Problem requirements.
With the pictures left out, restate exactly the part below that opens with the line containing "12 oz/350ml Set" and closes with the line containing "Minas Gerais debate".

Supplied material.
----
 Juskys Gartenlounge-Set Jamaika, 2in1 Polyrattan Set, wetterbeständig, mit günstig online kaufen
----
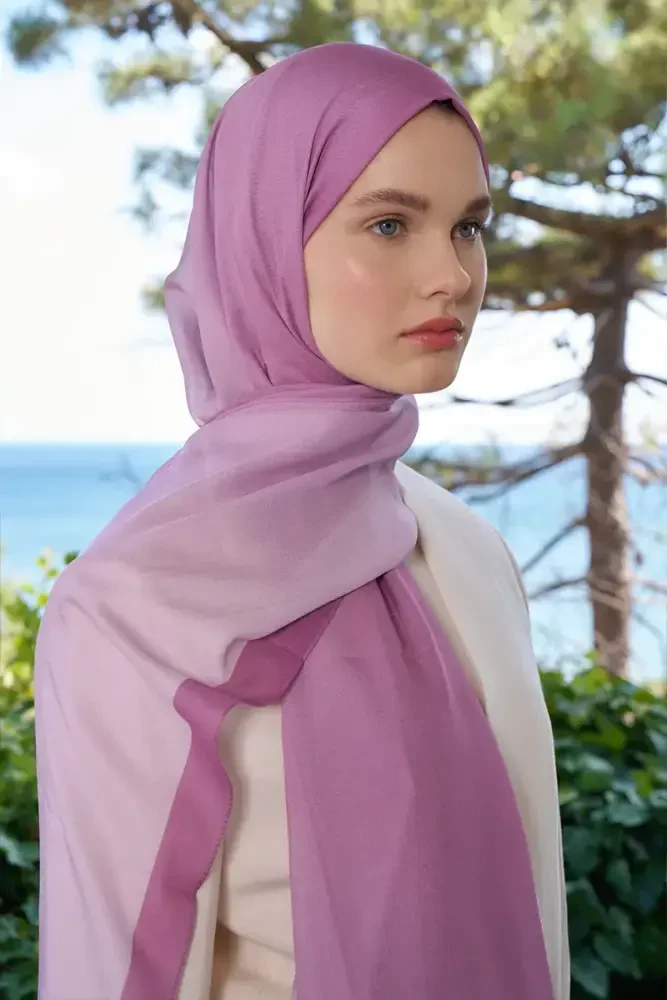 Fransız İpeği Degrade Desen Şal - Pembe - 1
----
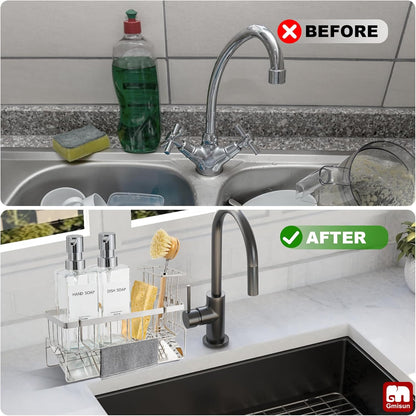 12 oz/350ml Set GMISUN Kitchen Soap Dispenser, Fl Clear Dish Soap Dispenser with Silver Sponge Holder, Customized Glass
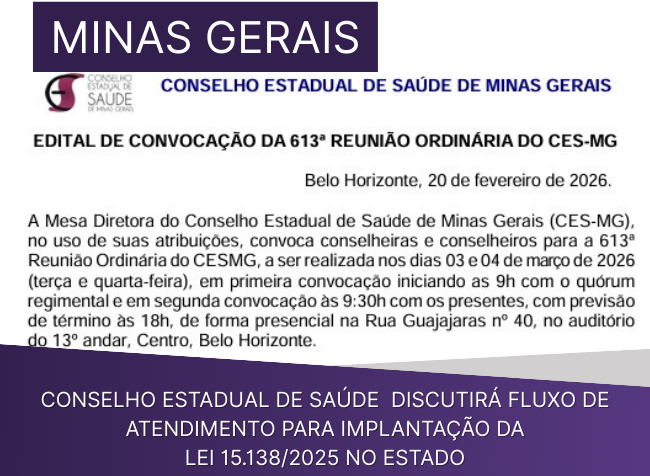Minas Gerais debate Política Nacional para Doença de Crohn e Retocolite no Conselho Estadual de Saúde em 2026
----
Solution to this exercise.
 12 oz/350ml Set GMISUN Kitchen Soap Dispenser, Fl Clear Dish Soap Dispenser with Silver Sponge Holder, Customized Glass
Minas Gerais debate Política Nacional para Doença de Crohn e Retocolite no Conselho Estadual de Saúde em 2026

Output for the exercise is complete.